**TASK DESCRIPTION:** Look below for the line that contains "Photo 33 of", then quote it and all the lines after it, exactly, with the pictures left out.

-------- MATERIAL FOR THE TASK --------

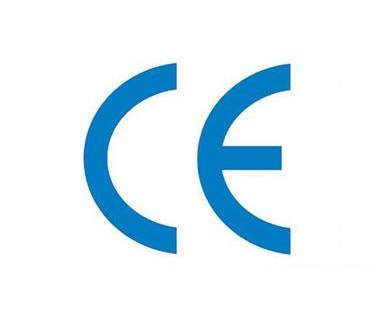要想進(jìn)軍亞馬遜Amazon歐美市場(chǎng)？就要先搞定這些產(chǎn)品認(rèn)證！(圖1)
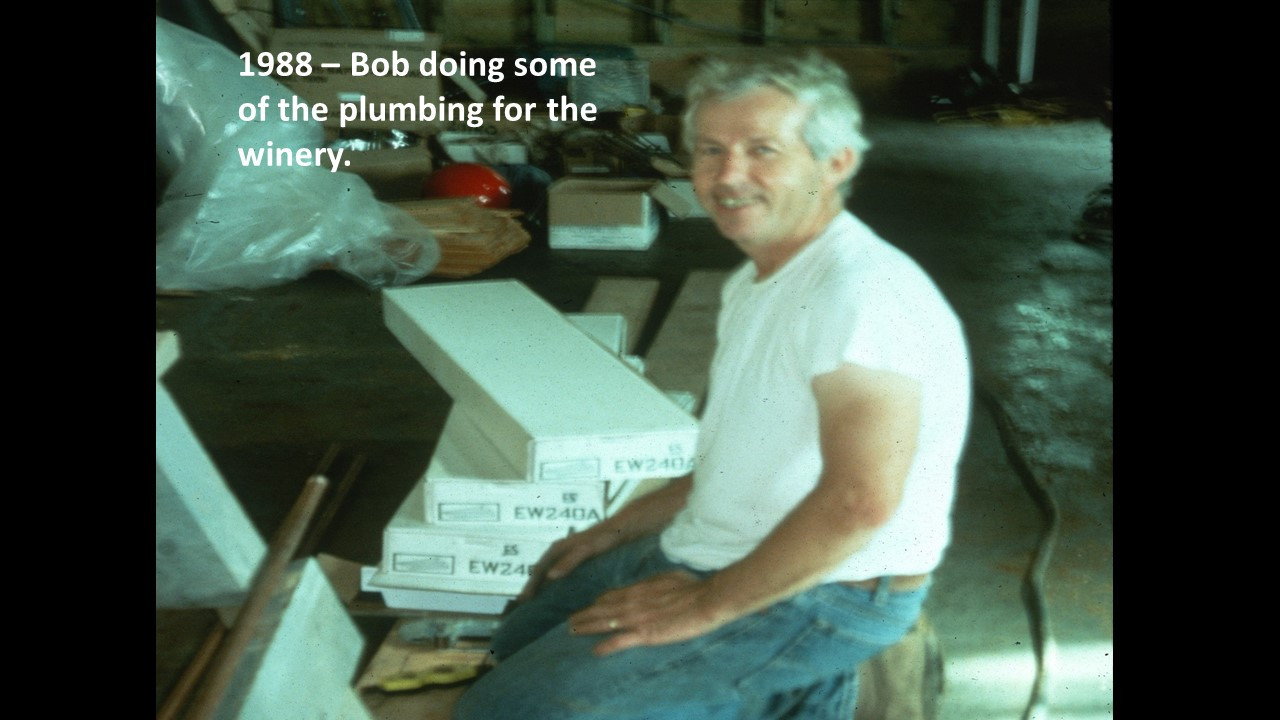 Slide40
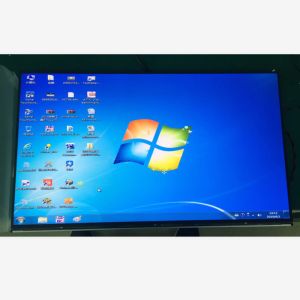 LM215WFA SSE3 21.5" FHD Laptop LCD Screens All In One Monitor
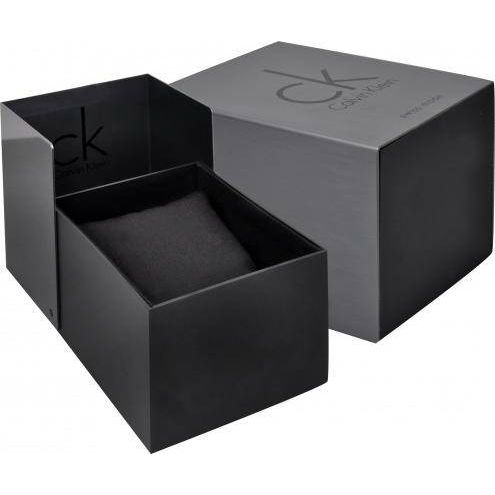 CALVIN KLEIN Mod. CHEERS-5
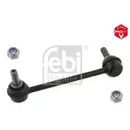 FEBI BILSTEIN 24961 Verbindungsstange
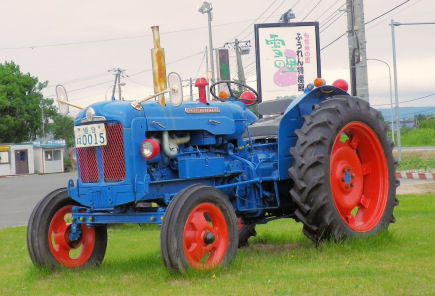0730_トラクター旭9.jpg 0730_トラクター旭9.jpg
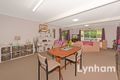 Property photo of 22 Barellan Street Cranbrook QLD 4814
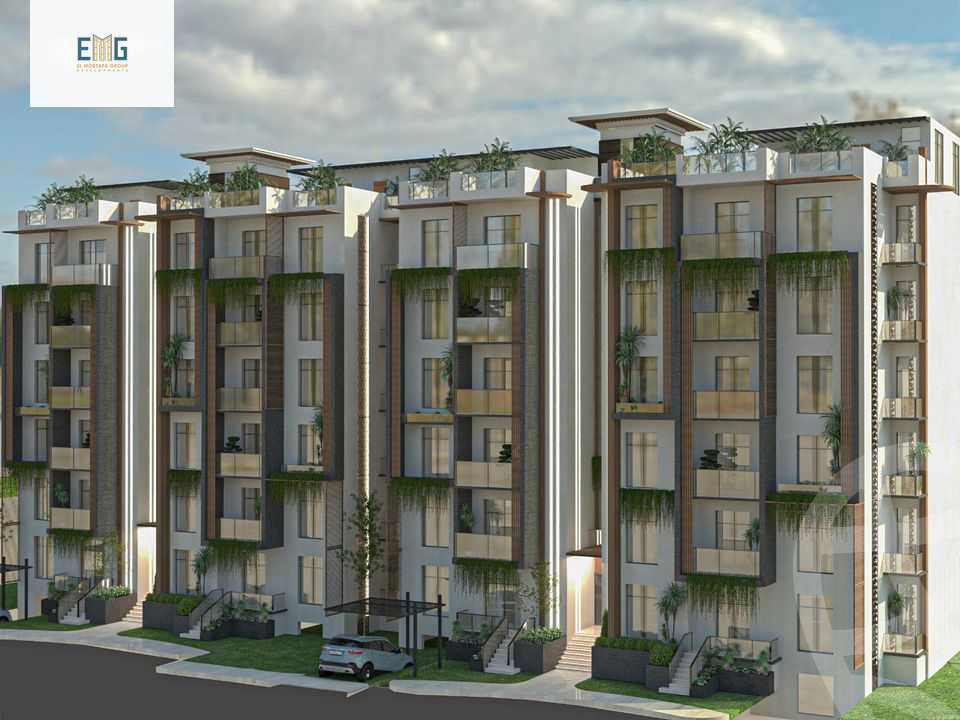 https://aqarmap.com.eg/en/listing/4182928-for-sale-cairo-october-hadayek-october-compounds-up-west-compound-jumeirah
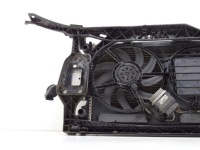 Комплект  ремінь перед передній audi a5 8t b8 купе 2.0 tdi в Україні, фото thumb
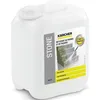 Image de Nettoyant pierre et façades KARCHER - RM 623 - 5L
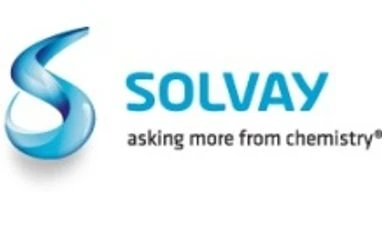 Solvay acquires Germany's Flux to bolster aluminum brazing formulations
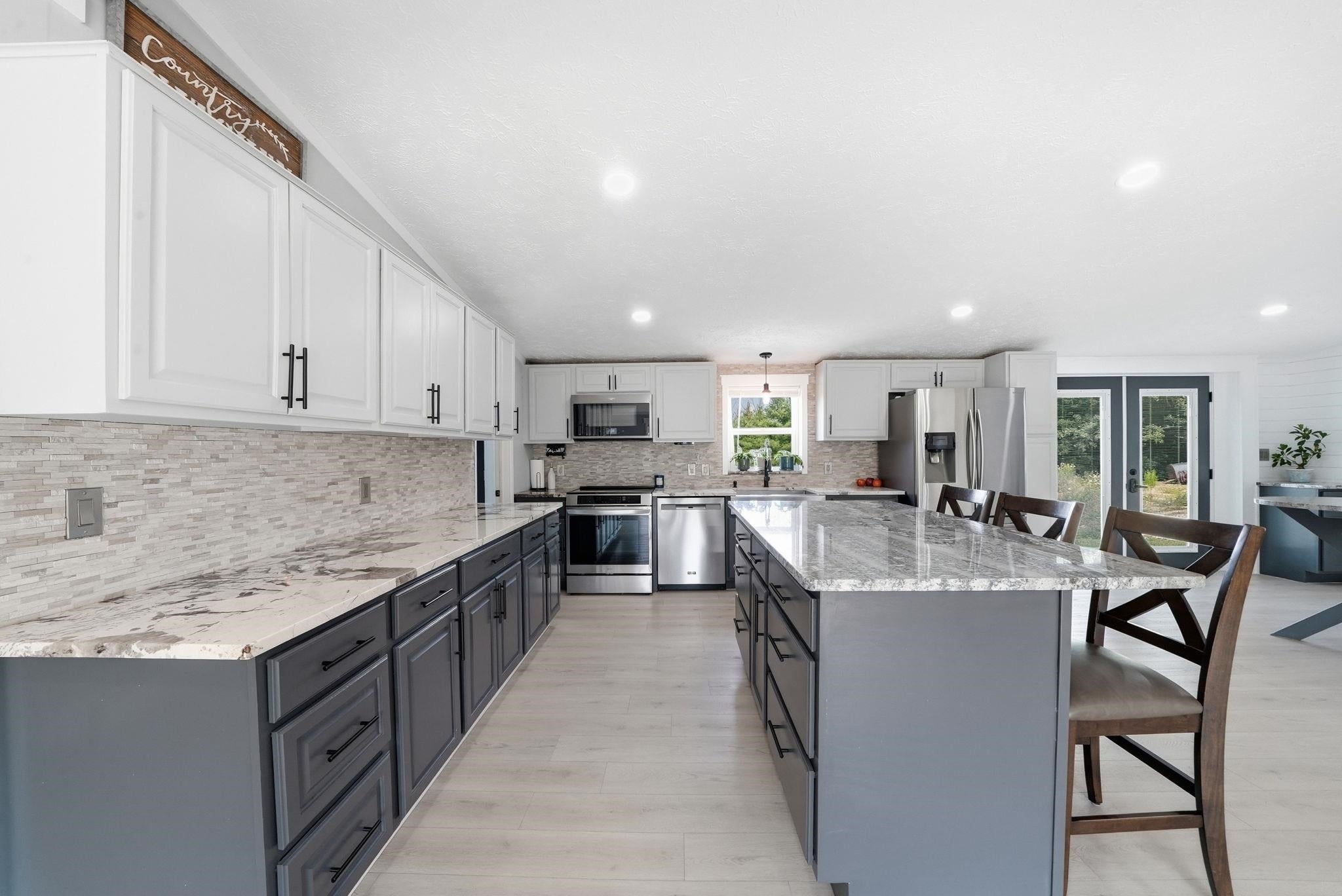 6773 North 43 Road Manton, MI 49663 - Photo 22 of 50 Gallery Image 22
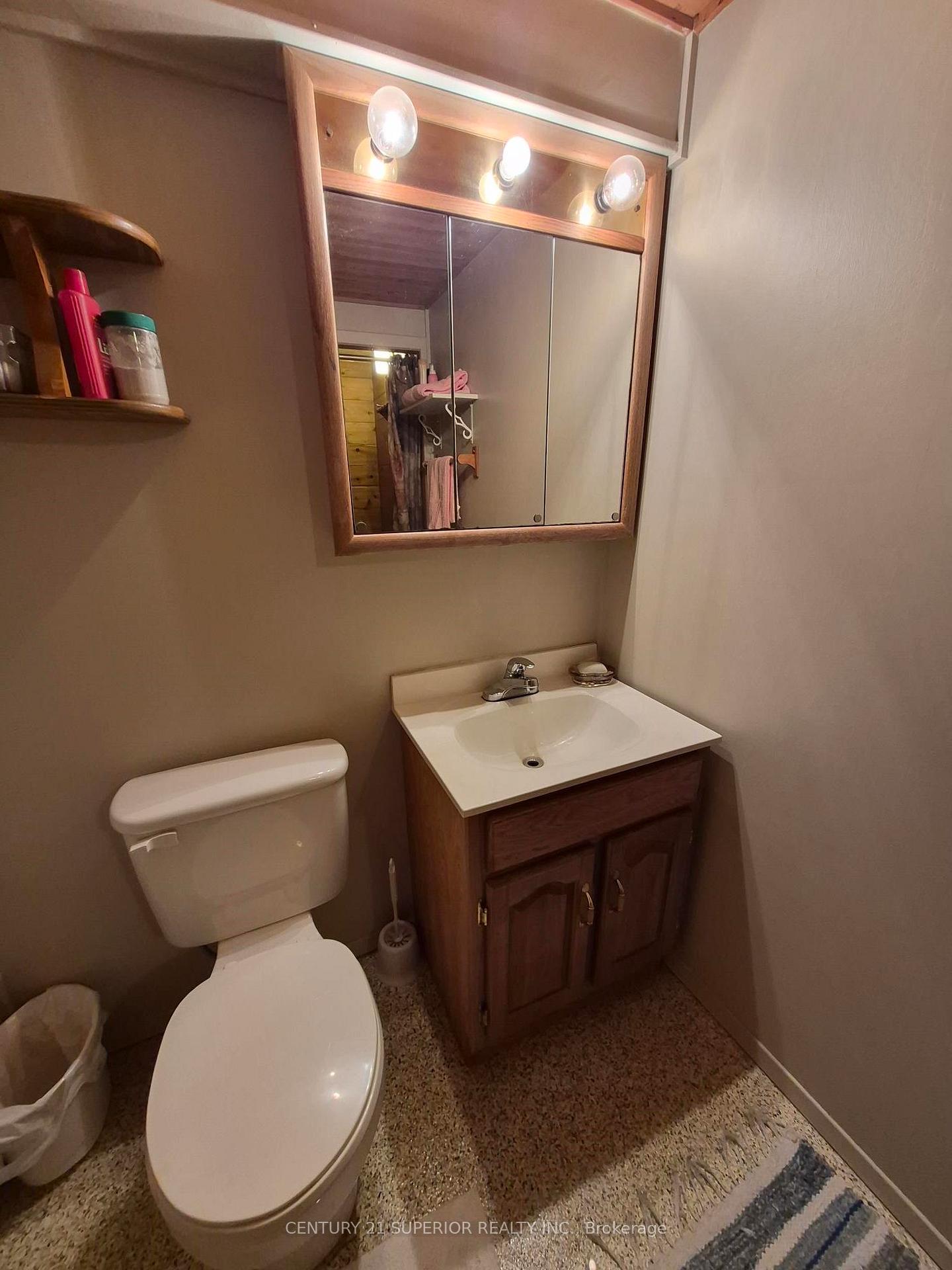 Photo 33 of 1 Laurier Ave, Terrace Bay, TB-92 — HOMEH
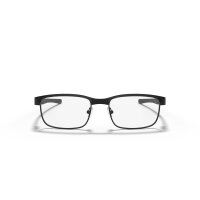 Oakley - Korrektion - Herren - 513201 - Matt Schwarz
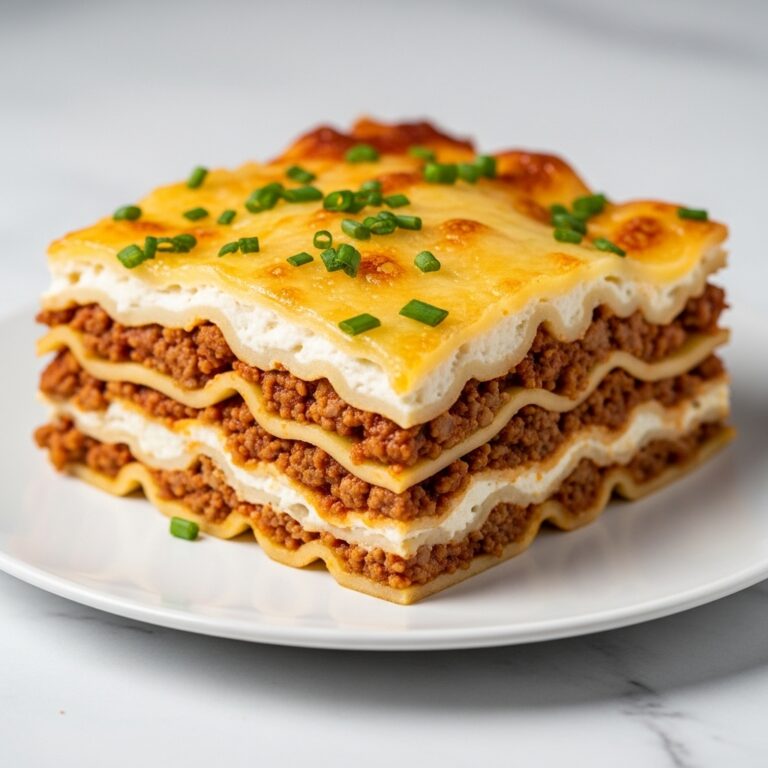 Starbucks Copycat Cranberry Bliss Bars Recipe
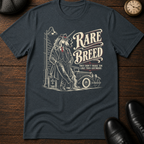 Rare Breed T-Shirt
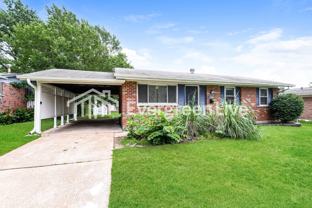 7318 Gerardini Dr - Photo 1 of 1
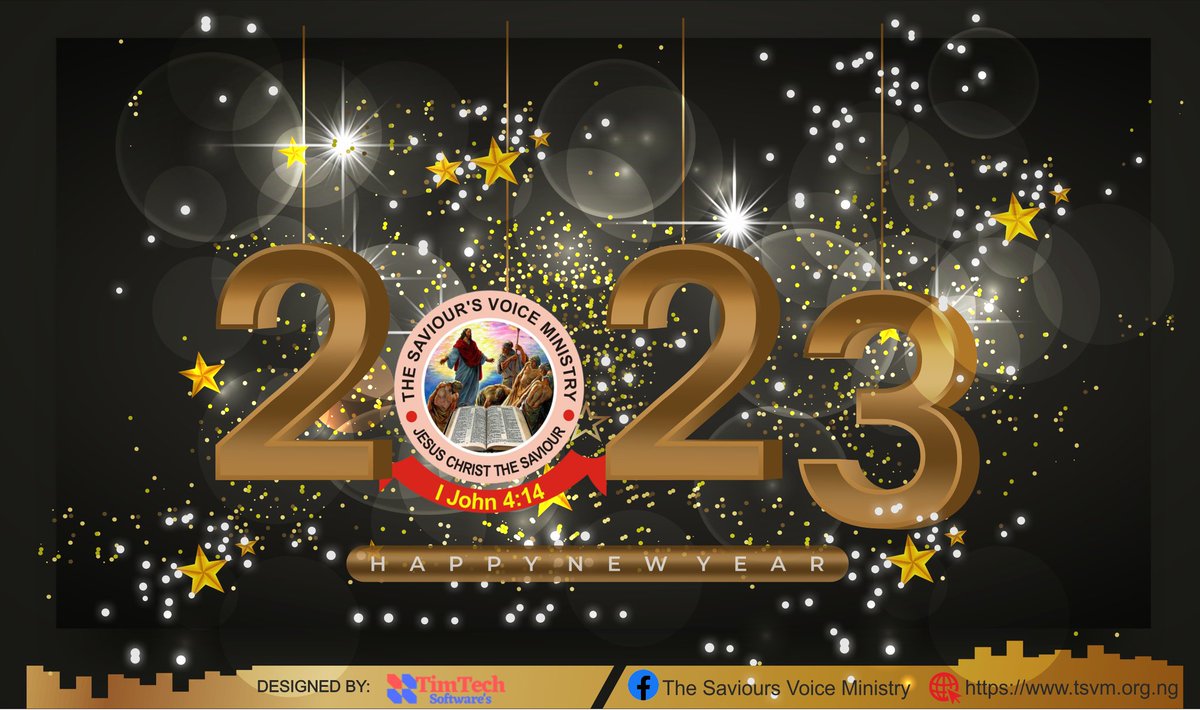 Timtech_inc's tweet image.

--------

**WRITTEN ANSWER:**
 Photo 33 of 1 Laurier Ave, Terrace Bay, TB-92 — HOMEH
 Oakley - Korrektion - Herren - 513201 - Matt Schwarz
 Starbucks Copycat Cranberry Bliss Bars Recipe
 Rare Breed T-Shirt
 7318 Gerardini Dr - Photo 1 of 1
 Timtech_inc's tweet image.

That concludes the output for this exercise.